Sterling initiated a fairly sharp rally against its major peers this morning after a solid services PMI reversed almost all of the currency’s losses from Monday trading.
The UK currency had fallen across the board yesterday, as Brexit concerns clouded the outlook for the Sterling. Investors are sceptical that the UK government has proposals in place ahead of the EU summit later this month, while there was also pressure on Downing Street over the weekend to release papers outlining a ‘Doomsday Brexit’ scenario, should the UK leave the bloc without a deal in place.
Sterling did, however, jump by around half a percent this morning after the May services PMI leapt back to 54.0, versus the 52.8 recorded in April, well above consensus. This is a very encouraging sign given the sectors large contribution to the overall GDP, and tentatively suggests that the economic slowdown in the first quarter of the year could prove temporary. It also gives a fairly significant boost to the chances that we’ll see higher interest rates out of the UK this year, with the market now placing just under a 50% probability of a hike at the BoE’s August meeting.
We expect the Pound to continue to be well supported today, barring any surprises from elsewhere. MPC member, Cunliffe, could shift the Pound should he touch on monetary policy during his speech later this morning.
Higher US yields keep Dollar around six month high
The US Dollar was fairly steady against the Euro on Monday, stabilising on Tuesday morning, just below the six month highs it hit last week. A bump in US Treasury yields helped support the greenback, with the 10-year rate increasing back up to above 2.9%, around 20 basis points up over the past week.
Macroeconomic data was light on the ground out of the US yesterday. Factory orders missed expectations, falling by 0.8% in April, although this was mostly overlooked. This afternoon’s ISM non-manufacturing PMI should take on much more importance, and could lift the Dollar back to its recent highs should it materially beat consensus.

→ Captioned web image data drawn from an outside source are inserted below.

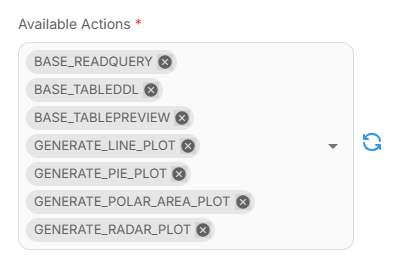 MCP tool configuration of Visualization Agent node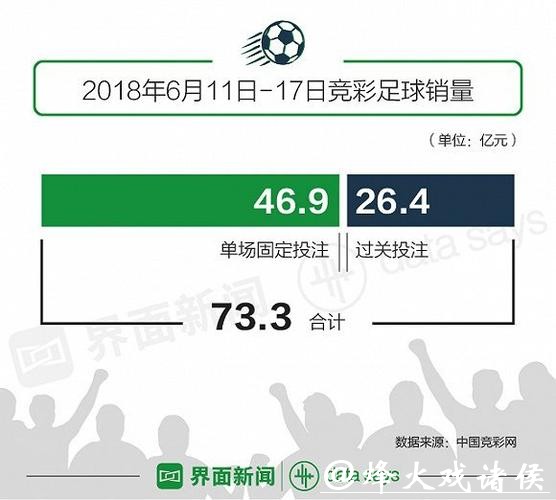 世界杯下注经验交流,实用心得探讨 世界杯下注经验交流,实用心得探讨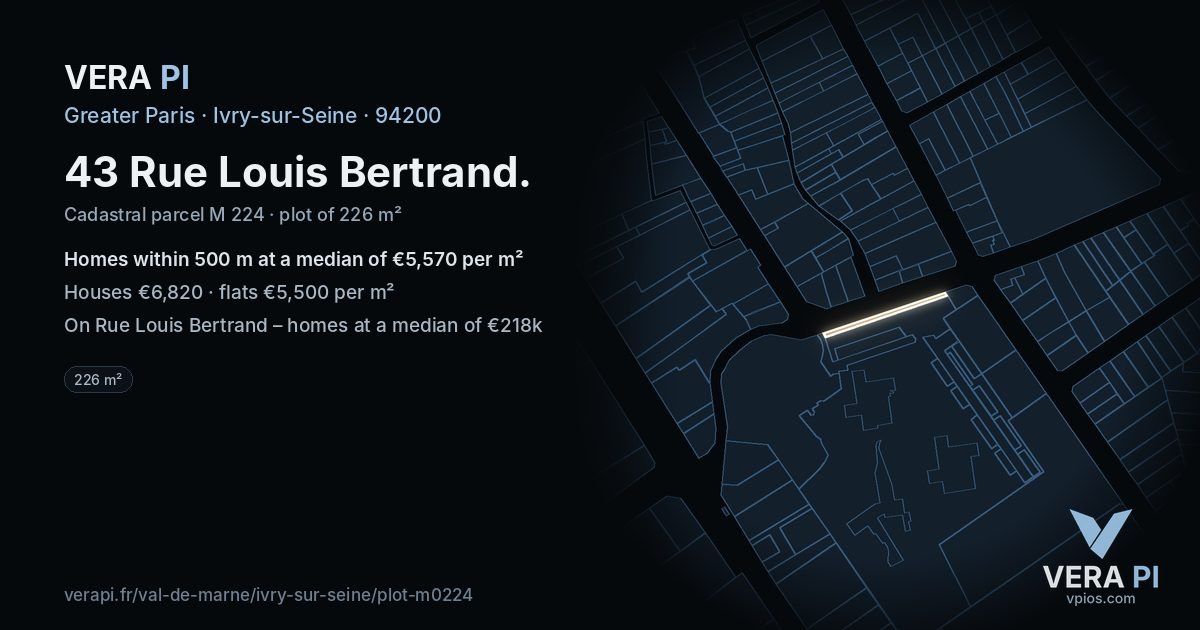 43 Rue Louis Bertrand, Ivry-sur-Seine at night – the plot lit, the parcels around coloured by the prices near them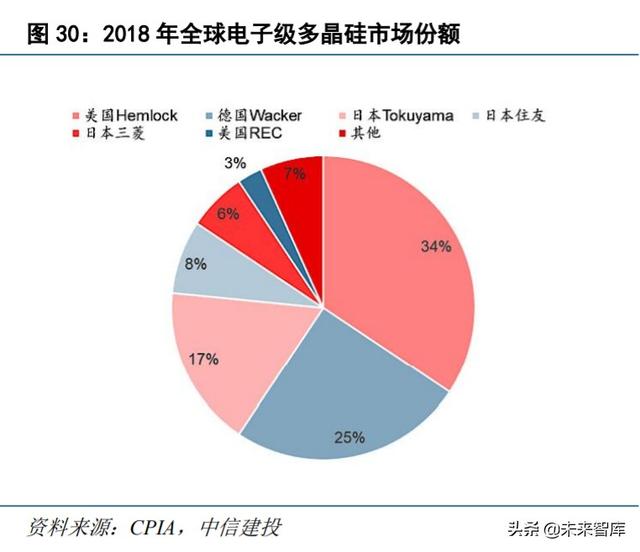 半导体材料专题报告:硅片,集成电路大厦之基石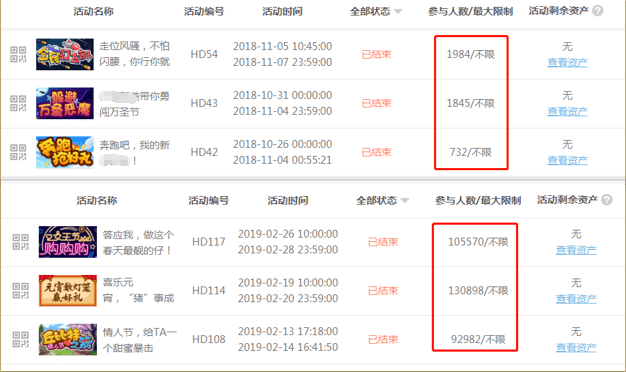 新澳好彩免费资料查询最新,真实解析数据_SHD29.281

Monday proved to be a similarly quiet day in the Euro-area, with mostly second-tier data going largely under the radar. The data that we did see was largely disappointing. The investor confidence index was particularly weak, slumping to just 9.3 from 19.2. Sentix cited the recent political turmoil in Italy for the downturn. Meanwhile, this morning’s PMI data and retail sales came in almost bang in line with expectations, and the common currency was little moved as a result, continuing to hover around the 1.17 mark for the fourth consecutive trading session.